▸ EXERCISE REQUIREMENTS
All of the entries below should be printed exactly; the pictures are to be left out.

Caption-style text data
- Opening Delimiter -
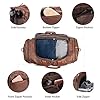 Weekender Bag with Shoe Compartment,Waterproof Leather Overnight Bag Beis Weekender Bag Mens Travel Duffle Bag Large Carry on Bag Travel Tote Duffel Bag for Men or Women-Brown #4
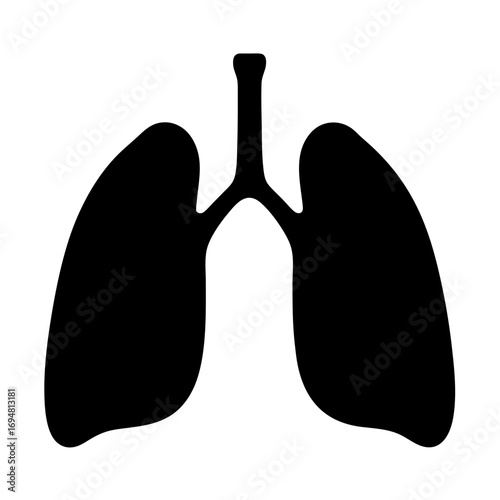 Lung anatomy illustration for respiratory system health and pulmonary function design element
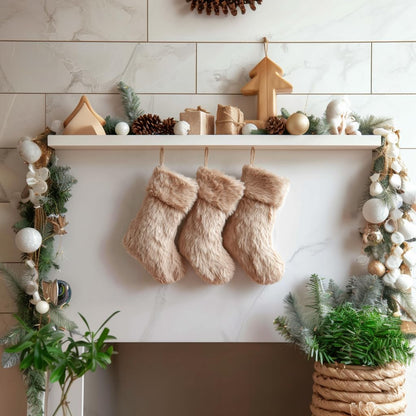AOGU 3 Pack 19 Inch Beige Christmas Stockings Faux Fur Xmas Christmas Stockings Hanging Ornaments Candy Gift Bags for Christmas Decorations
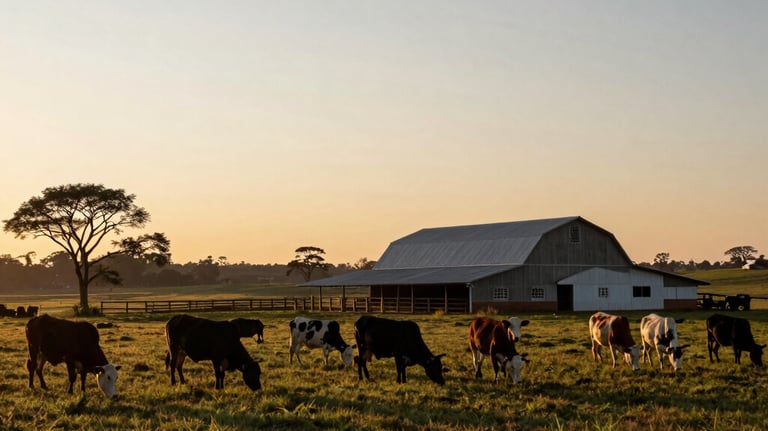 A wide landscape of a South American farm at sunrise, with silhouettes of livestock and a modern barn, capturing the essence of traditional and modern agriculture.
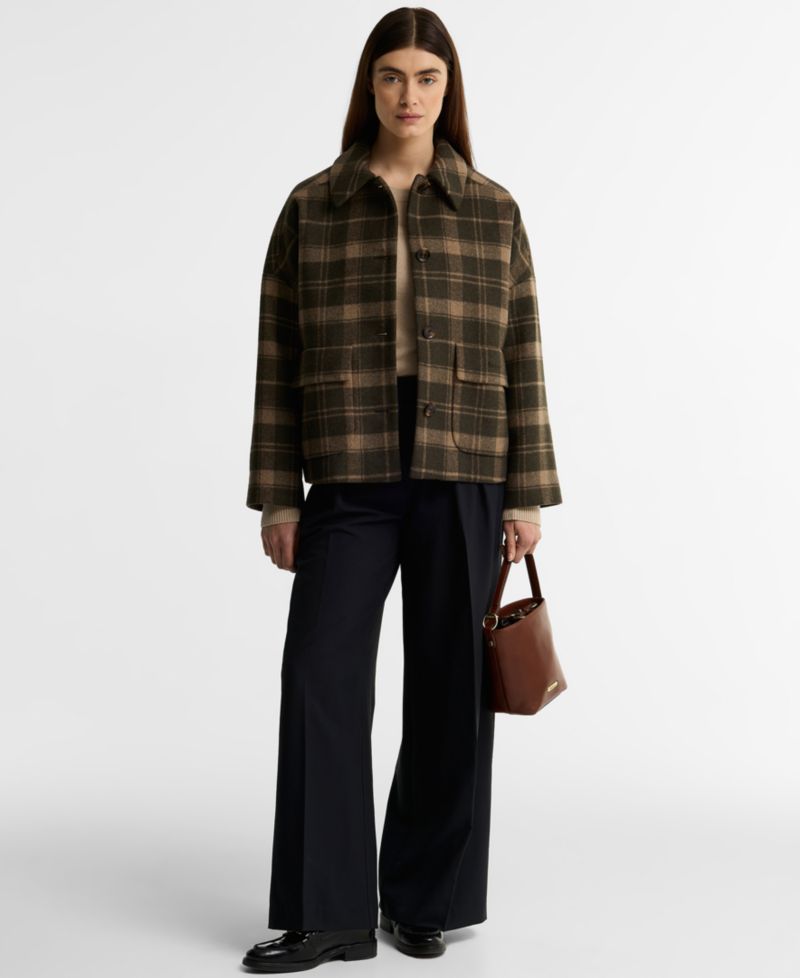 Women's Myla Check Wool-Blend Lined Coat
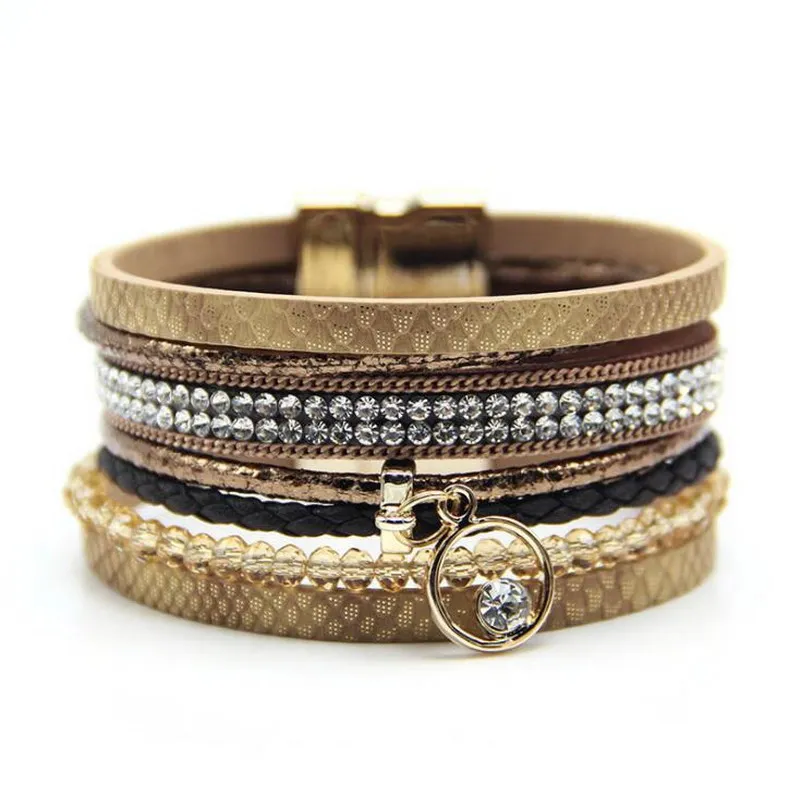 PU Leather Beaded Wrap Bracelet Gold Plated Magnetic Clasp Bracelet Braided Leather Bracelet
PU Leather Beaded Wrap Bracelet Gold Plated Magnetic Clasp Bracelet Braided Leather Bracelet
- Closing Delimiter -
▸ YOUR RESPONSE
 Weekender Bag with Shoe Compartment,Waterproof Leather Overnight Bag Beis Weekender Bag Mens Travel Duffle Bag Large Carry on Bag Travel Tote Duffel Bag for Men or Women-Brown #4
 Lung anatomy illustration for respiratory system health and pulmonary function design element
AOGU 3 Pack 19 Inch Beige Christmas Stockings Faux Fur Xmas Christmas Stockings Hanging Ornaments Candy Gift Bags for Christmas Decorations
 A wide landscape of a South American farm at sunrise, with silhouettes of livestock and a modern barn, capturing the essence of traditional and modern agriculture.
 Women's Myla Check Wool-Blend Lined Coat
 PU Leather Beaded Wrap Bracelet Gold Plated Magnetic Clasp Bracelet Braided Leather Bracelet
PU Leather Beaded Wrap Bracelet Gold Plated Magnetic Clasp Bracelet Braided Leather Bracelet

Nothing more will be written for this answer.